Semi-supervised Naive Bayes in Python


The Expectation-Maximization (EM) algorithm is a popular algorithm in statistics and machine learning to estimate the parameters of a model that depends on latent variables. (A latent variable is a variable that is not expressed in the dataset and thus that you can’t directly count. For example, in pLSA, the document topics z are latent variables.) EM is very intuitive. It works by pretending that we know what we’re looking for: the model parameters. First, we make an initial guess, which can be either random or “our best bet”. Then, in the E-step, we use our current model parameters to estimate some “measures”, the ones we would have used to compute the parameters, had they been available to us. In the M-step, we use these measures to compute the model parameters. The beauty of EM is that by iteratively repeating these two steps, the algorithm will provably converge to a local maximum for the likelihood that the model generated the data.

Naive Bayes trained with EM

In their paper “Semi-supervised Text Classification Using EM”, Nigam et al. describe how to use EM to train a Naive Bayes classifier in a semi-supervised fashion, that is with both labeled and unlabeled data. The algorithm is very intuitive:

  • Train a classifier with your labeled data
  • While the model likelihood increases:
    • E-step: Use your current classifier to find P(c|x) for all classes c and all unlabeled examples x. These can be thought as probabilistic/fractional labels.
    • M-step: Train your classifier with the union of your labeled and probabilistically-labeled data.

The hope is that using (abundantly available) unlabeled data, in addition to (labor-intensive) labeled data, improves the quality of the classifier.


I made a simple implementation of it in Python + Numpy. The code is fairly optimized.

$ git clone

web interface

Implementation details

Here are implementation details that were not mentioned in the original paper and that I found necessary to get a correct implementation.

Naive Bayes is called naive because of the (obviously wrong) assumption that words are conditionally independent given the class:

P(x_i|c_j) = \prod_{t}^V P(w_t|c_j)^{x_{it}}

However, since the vocabulary size V can be pretty big and the probabilities P(w|c) can be pretty small, P(x|c) can quickly exceed the precision of the computer and become zero. The solution is to perform the computations in the log domain:

\log P(x_i|c_j) = \sum_{t}^V x_{it} \log P(w_t|c_j)

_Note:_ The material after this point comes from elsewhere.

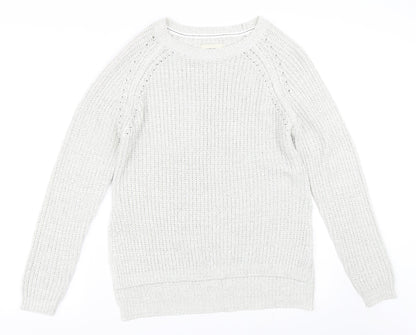 Papaya Womens Grey   Pullover Jumper Size M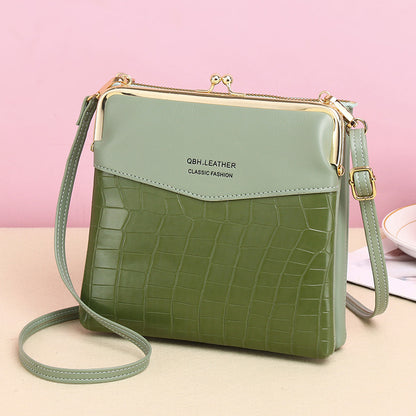 Lock Shoulder Bags Women Alligator Pattern Crossbody Phone Bag - Abysaz Kollectionz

To turn around P(x|c), we use Bayes’rule:

P(y_i=c_j|x_i) = \frac{P(c_j)P(x_i|c_j)}{P(x_i)} = \frac{P(c_j)P(x_i|c_j)}{\sum_k P(c_k)P(x_i|c_k)}

By posing z_j = \log P(c_j) + \log P(x_i|c_j), we get:

P(y_i=c_j|x_i) = \frac{e^{z_j}}{\sum_k e^{z_k}}

This is the softmax function. However, we are back to our initial problem because, since the z_j are likely to tend to -inf, the exponentials are likely to in turn underflow. The trick is to multiply the numerator and denominator by the same constant e^{-m}:

P(y_i=c_j|x_i) = \frac{e^{z_j-m}}{\sum_k e^{z_k-m}}

Setting m to max_j~z_j, the z_j-m values will get closer to zero. The rationale for this is that computation of the exponential overflows earlier and is less precise for big values (positive or negative) than for small values.

In case this is not enough, we can further define:

P(y_i=c_j|x_i) = \begin{cases} 0, & \mbox{if }  z_j - m  \le t  \\ \frac{e^{z_j-m}}{\sum_{\{k~:~z_k-m > t\}} e^{z_k-m}},  & \mbox{otherwise} \end{cases}

This truncates the exponentials to zero when e^{z_j-m} \le e^t. For t=-10, this corresponds to 0.000045. Equivalently we can see it as setting the exponentials to zero when e^{z_j} \le e^{t+m}. Since both t and and m are negative, this shows that subtracting the maximum m, as explained before, does help improving the precision.


Kamal Nigam, Andrew McCallum and Tom Mitchell. Semi-supervised Text Classification Using EM. In Chapelle, O., Zien, A., and Scholkopf, B. (Eds.) Semi-Supervised Learning. MIT Press: Boston. 2006.

19 Responses to “Semi-supervised Naive Bayes in Python”

  1. muriloq Says:

    Hi. I was reading Nigam’s paper and while looking for references I found your blog. Thanks a lot for your code!

    Do you have a complete usage example or at least code for preprocessing the texts and generating the input matrix ? Thanks a lot in advance!

  2. muriloq Says:

    Hello again.

    I’ve written code to generate the input data.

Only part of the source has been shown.